But when Reyna withdraws her offer to help at the last minute, her decision reverberates throughout the lives of those around her and faraway strangers she may never meet. Her story is only told at the beginning and end of the book; the rest consists of the stories of others, their connections woven together like the exquisite tapestries Kiki brought back from Turkey.
The award-winning Joan Silber has been celebrated as America's own Alice Munro and indeed, Silber cites the Canadian short-story writer as one of her greatest influences. Though Improvement is a novel, the chapters are easily read as short stories and move backwards and forwards in time in a fashion that reflects Munro's signature style.

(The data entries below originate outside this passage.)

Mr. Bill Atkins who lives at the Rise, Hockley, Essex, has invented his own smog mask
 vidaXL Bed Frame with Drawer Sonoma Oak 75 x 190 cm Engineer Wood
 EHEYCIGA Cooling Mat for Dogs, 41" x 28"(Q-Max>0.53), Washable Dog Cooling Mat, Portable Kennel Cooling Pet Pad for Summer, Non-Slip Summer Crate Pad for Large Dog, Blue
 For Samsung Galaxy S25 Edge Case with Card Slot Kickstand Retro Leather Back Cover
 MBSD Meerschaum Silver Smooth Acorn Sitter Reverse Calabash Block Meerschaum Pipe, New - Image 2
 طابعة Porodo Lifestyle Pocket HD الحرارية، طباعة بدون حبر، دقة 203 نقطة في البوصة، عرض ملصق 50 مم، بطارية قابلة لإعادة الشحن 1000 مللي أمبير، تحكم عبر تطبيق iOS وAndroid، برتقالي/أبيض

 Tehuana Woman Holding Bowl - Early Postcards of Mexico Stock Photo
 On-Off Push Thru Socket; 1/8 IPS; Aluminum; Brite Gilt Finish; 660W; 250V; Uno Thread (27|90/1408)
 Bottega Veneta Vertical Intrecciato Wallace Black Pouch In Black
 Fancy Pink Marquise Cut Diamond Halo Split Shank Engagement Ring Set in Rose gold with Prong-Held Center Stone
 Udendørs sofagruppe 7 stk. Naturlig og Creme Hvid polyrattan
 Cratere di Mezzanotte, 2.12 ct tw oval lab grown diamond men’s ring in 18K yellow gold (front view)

While only 256 pages, feels expansive, eloquently spanning lives, generations and locations with a seamless flow. We meet a young mother in Richmond, heartbroken and confused after being jilted by her previously smitten lover without so much as an explanation; a middle-aged truck driver torn between his wife and his ex-wife; three German travellers finding and selling ancient artefacts.
The characters are mostly ordinary and so are there lives but Silber's sharp yet very human touch offers a tender insight into their stories.
Each character comes with their own fascinating backstory, rich in complexity. Though we are reluctant to leave them in their chapters, we quickly become engrossed in the life of each new character. It is the interconnection between these lives that creates a fascinating and ultimately rewarding read.